Rangers pose after an ecological and environmental inspection tour in Yushu, Qinghai. (Photo provided to chinadaily.com.cn)
Province benefits from ecological and environmental advances
Namjil, who grew up in a Mongolian yurt, has never seen such a rich abundance and diversity of wildlife roaming his family's pasture in Golmud, Qinghai province.
There are herds of bharal, also known as blue sheep, Tibetan antelope and predators such as snow leopards and wolves.
The 29-year-old, a nomad who runs the pasture, home to more than 1,000 sheep and 80 yaks, takes pride in his other role as a ranger tasked with protecting wildlife and ecology in the vast expanse of grasslands near the Kunlun Mountains.

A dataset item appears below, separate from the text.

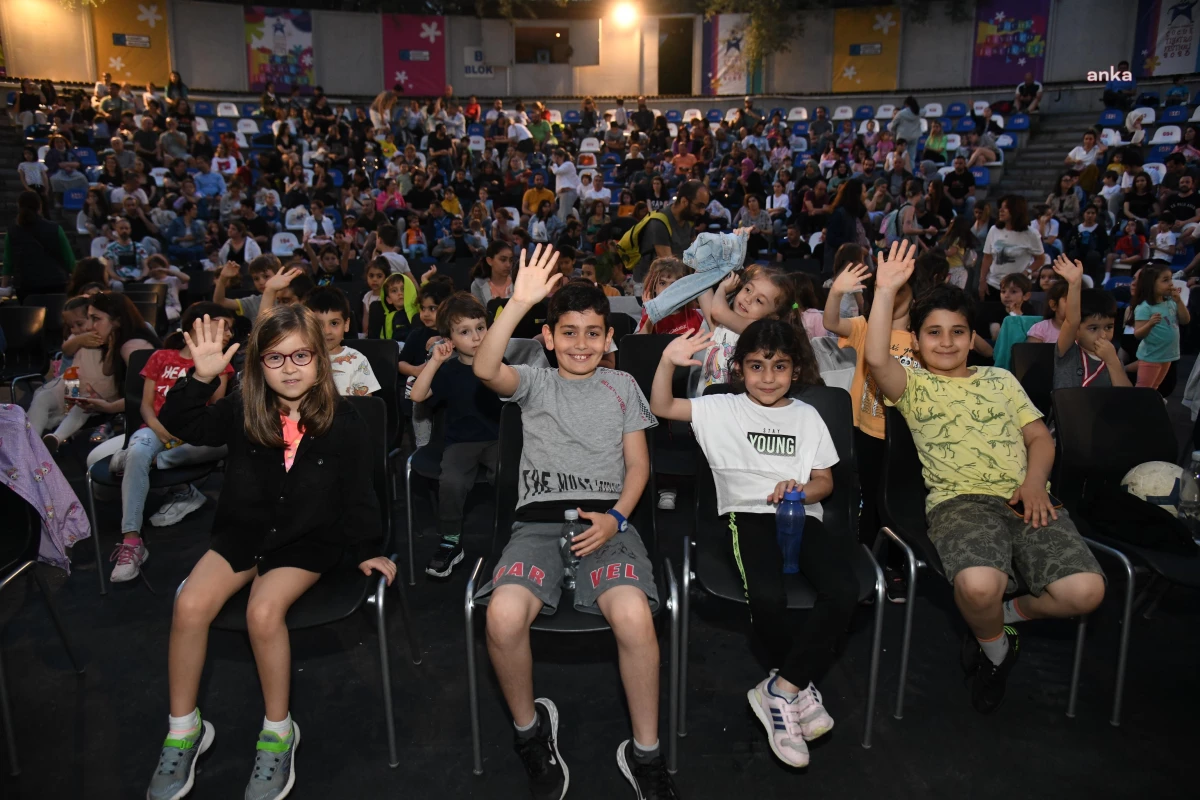 Kadıköy Belediyesi Çocuk Tiyatro Şenliği devam ediyor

Every month, Namjil joins a team of rangers on a three-day expedition that takes them across wetlands and grasslands looking for poachers and those engaged in illegal mining. The rangers also collect garbage and other trash.
They record traces of wildlife, monitor changing conditions in water sources and wetlands, and rescue injured animals.
Namjil earns 1,200 yuan ($167) a month for this work, but what really motivates him is the emotional attachment he forms with wildlife. "You develop a kind of emotional bond with the wild animals after doing this job for a long time," he said.
The herdsman is one of more than 145,000 rangers employed in Qinghai to protect the western province's ecology and environment as local authorities step up conservation efforts.
Dubbed China's "water tower", Qinghai boasts the sources of Asia's three longest rivers and the Three-River-Source National Park, the nation's first national park, which is located in the Sanjiangyuan region.